Saturday, August 29, 2009

This Dream Has Stayed With You For Some Reason

The thing about this beach house is that I’ve never been here. I am here now, but I have never been here before.

A small cottage home on the Bonita coastline on the Gulf of Mexico was my uncle Gary’s every summer and we lived there and solved crossword puzzles with the smell of suntan lotion and sand all over everything on the second story patio for a week. It was ours. We read library books and laid in cold bedroom sheets with the smell of aloe vera and the cool burn the sun left on our backs. In the other room beers were drank and conversations were loud between Nana and uncle Gary about whatever the ocean breeze brought to mind. When the lights were off in the bedroom the conversations kept on, and the light of the livingroom shined in from the alcoves atop the wall. Their voices crawled under the door and banged against the walls.
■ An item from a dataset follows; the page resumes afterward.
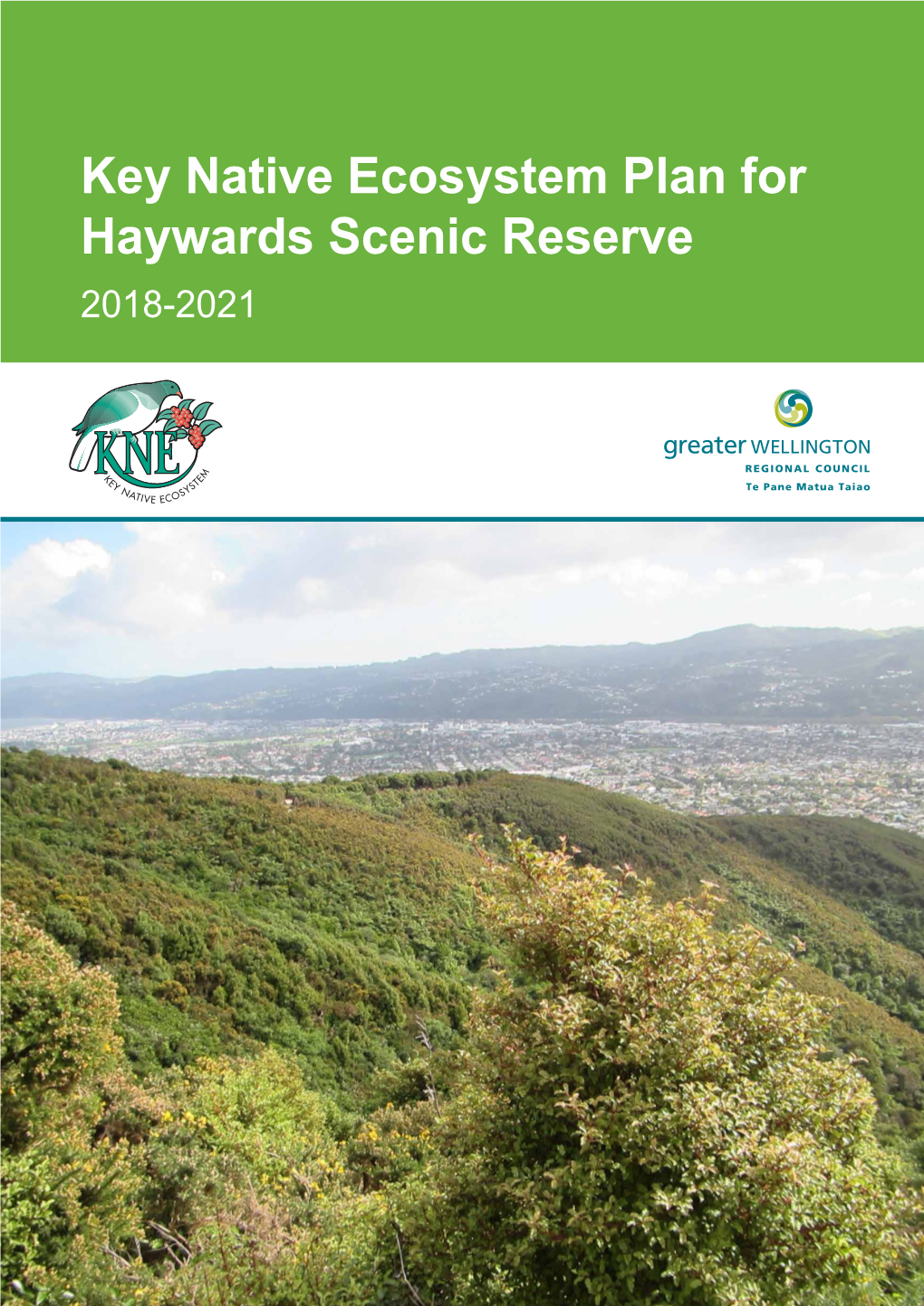 Key Native Ecosystem Plan for Haywards Scenic Reserve 2018-2021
This beach house, this one here with the rear slider, with the fancy oak and glass things, with the sad and empty playground out back in the dark of midnight, the solitary swing, this isn’t our beach house. I’ve never been here. But my family is here; not uncle Gary. At least, if this is his beach house, like the one he shared with us and made our home on the Gulf, I do not see him. Dad, on the couch. Sean. Nana. Mom’s upstairs in the bedroom. Let’s go for a walk, Nana says. Sean says, Okay. The beach house with strange oak and glass is set back from the water; the old metal swing is in a back yard, with green grass, and a sidewalk to the right leads to the sand and black licorice water. On the coast, to the left and right, are buildings, high-rise condos and multi-story homes. This beach house is nuzzled behind those buildings that Nana and Sean are walking toward. They left the slider open, so I step out, watch the moon a moment reflecting soft white on the buildings and the sidewalk and the water and sand. The breeze sways the swing a bit. But there is no breeze. The swing is swinging alone. I go inside quickly, afraid, pit of my stomach knoting as I slide shut the door to this strange beach house where my dad sits on the couch.
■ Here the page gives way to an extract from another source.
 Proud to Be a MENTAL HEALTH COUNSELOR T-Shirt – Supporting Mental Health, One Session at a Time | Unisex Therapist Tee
As the door slides in front of me I see him; reflected in the glass but not a reflection, transparent but real, on the swing. A dog. Dark, black or a dirty dark brown, short hair, I don’t know if he has a collar, if he belongs to anyone, if he has a home.

Push me.

I’m frozen, looking in the glowing tiny embers in his eye sockets. They are the eyes that take me from my quivering body and an inch to the left. Dilate my pupils. Jackhammer my heart. They are sickening, orange tiny dots sunken into alcoves on his face that are grotesquely too large for them. Yet, they are sad, frustrated, alone.

Push me.

I can’t push the dog. I can’t walk to the swing. I can’t open the door. I can’t move. I’m sorry. I can’t. I break eye contact. Walk away. Breathe and feel sick.
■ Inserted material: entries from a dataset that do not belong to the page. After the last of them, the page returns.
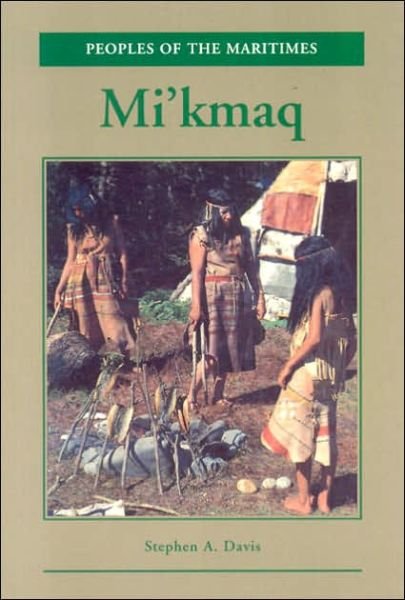 Cover for Stephen Davis · Mi'kmaq (Taschenbuch) (1997)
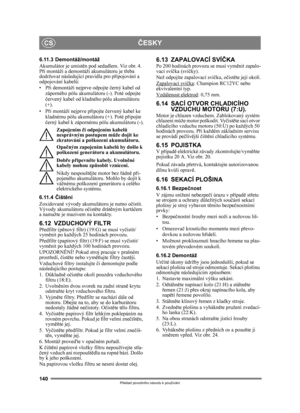 Page 140140
ČESKYCS
Překlad p ůvodního návodu k používání
6.11.3 Demontáž/montáž
Akumulátor je umíst ěn pod sedadlem. Viz obr. 4. 
P ři montáži a demontáži akumulátoru je t řeba 
dodržovat následující pravidla pro p řipojování a 
odpojování kabel ů:
•P ři demontáži nejprve odpojte  černý kabel od 
záporného pólu akumulátoru (-). Poté odpojte 
č ervený kabel od kladné ho pólu akumulátoru 
(+).
•P ři montáži nejprve p řipojte  červený kabel ke 
kladnému pólu akumul átoru (+). Poté připojte 
č erný kabel k...
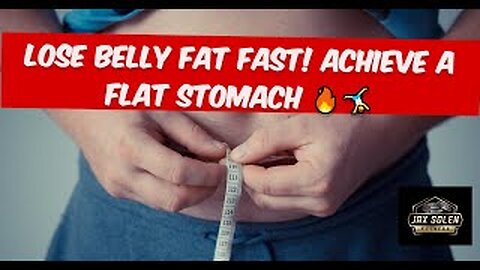 LOSE BELLY FAT FAST! Top TIPS & WORKOUTS for a Flat Stomach 🔥 - Jax Solen Fitness Training Nutrition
Something’s wrong. A deep, guttural horn roars. This is not our beach house. Dad sits on the couch, staring at the television. Sean and Nana still aren’t back. The horn growls and shakes the air. Mom’s upstairs. Mom.

I run to the upstairs bedroom. Mom’s sleeping on the bed, atop the covers and comforter. Everything in the room is nautical; a life preserver hangs on the wall with red stripes. Mom wears a sailor’s suit. Mom, wake up. Wake up. Something’s happening. Mom rouses. Something's happening.

Out the window, there she is. Her horn groans wildly, and then it is quiet. She glides in silence, the monstrous ocean liner called possibly Titanic or perhaps Lusitania. Ghost lights dotting her sides like stars stare dim on into forever.

There is no sound, it is calm and windless.

Mom. I hold her in my arms, against my chest.

This is not my beach house. I didn’t push the dog with the ugly, tiny, lonely eyes burning orange. He wanted to be pushed. On the swing. He asked. I didn’t push him. This ghost ship is his frustration. These ghost lights are his loneliness. These cheeks with the tears are my regret. My shame of the fear that froze me. Kept me from grabbing the chains and pushing, back, forth.

She’s gracefully crashing up the beach, crushing palm trees, smashing condo high-rises as she clears her path. She is poetry and she does not blow her horn to interrupt my terror. The bow looks at me as I hold my mother in my arms and I look at the bow, the ghost ship’s supple breast, no longer crying, just waiting. The nipple offers her milk and she collides with the beach house I’ve never been to.